● Try it: Pictures in the listing do not belong in the copy, which should repeat exactly the lines from the one holding "Тумба с умывальником" through the last line.

----- Material provided -----

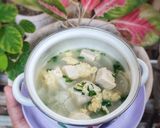 Foto langkah ke 4 dari resep 485 - Sup Tahu Lobak Telur (17-CPApron2026).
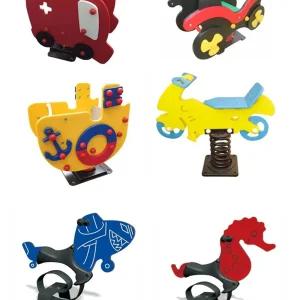 스프링 놀이터 용수철 동물 시소 키즈 말안장 조랑말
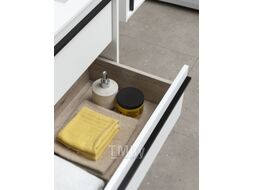 Тумба с умывальником Aquanet Lino 90 / 271949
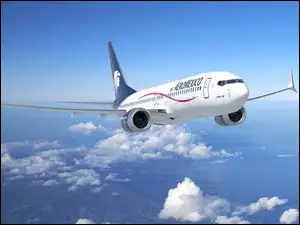 Boeing, Samolot, Niebo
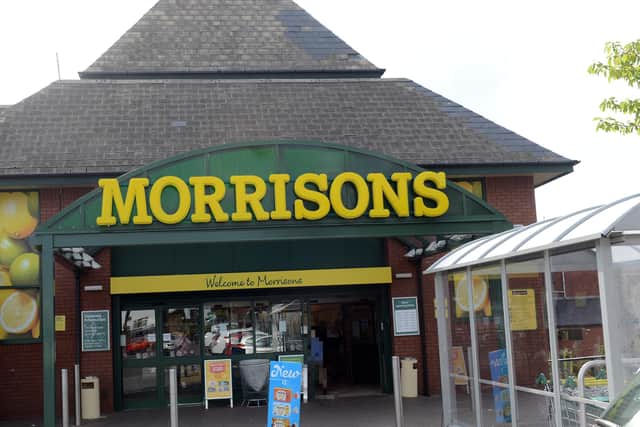 A file picture of South Shields Morrisons, where one of the offences took place.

-----

● Response to this exercise:
 Тумба с умывальником Aquanet Lino 90 / 271949
 Boeing, Samolot, Niebo
 A file picture of South Shields Morrisons, where one of the offences took place.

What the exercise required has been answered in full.